Dear Neighbors:
I hope you have had a joyous holiday season and are ready for the new year! Perhaps you have made a few resolutions and now in the stark light of January you are wondering just why you made them. It can be pretty hard to live up to our best intentions made in the spirit of good times such as the holiday season, when a little bit later it strikes us that it's pretty dreary and cold so what's the difference? Make your resolutions with the voice of the angels of your better nature in your ear and the reality may disclose a devil or two.
I have recently started a job with the Clerk of Courts and am spending my spare time researching the lives and family of two brothers who were early country musicians. The work and the hobby I find enjoyable and it allows me the opportunity to use some of the skills I've picked up in life.

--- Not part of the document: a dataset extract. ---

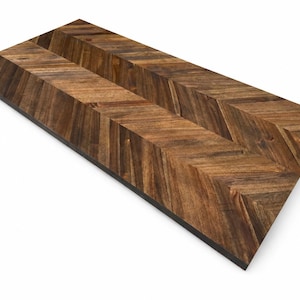 May include: A rectangular wooden board featuring a dark brown chevron pattern. The surface displays natural wood grain variations with alternating light and dark brown tones arranged in a V-shaped design across the entire flat top surface.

It also works in the other direction. I can apply it to the people and their issues in the neighborhood.
Information transmitted from one person to the next tends to lose value and impact, but sometimes gains like a snowball. The level of personal involvement focuses, though often with a blinder effect, so that other facets go unobserved though they may be in plain view to others less emotionally involved. Stress acts to make people forget to do or ask certain things that are important. Upon removal of the stress, recovery begins. With some distance of time transposition of events occur because of confusion and/or we "know" how things turned out so we put them in the "order" we want them to be or what "makes sense".
I raise these points because often I and the neighborhood association are called upon to decipher complex, obscure, and volatile issues that have often simmered long, flavored by neglect, seasoned with intense emotion, and must be solved now!
I and the council like to take some time to gather and discuss the facts and try to reach the best decision available to us. We are not perfect. We are your neighbors performing local volunteer work. We do not claim to be infallible. We can make mistakes, but more often than not, we arrive at good decisions which better the previous existing situation and lead to a better tomorrow.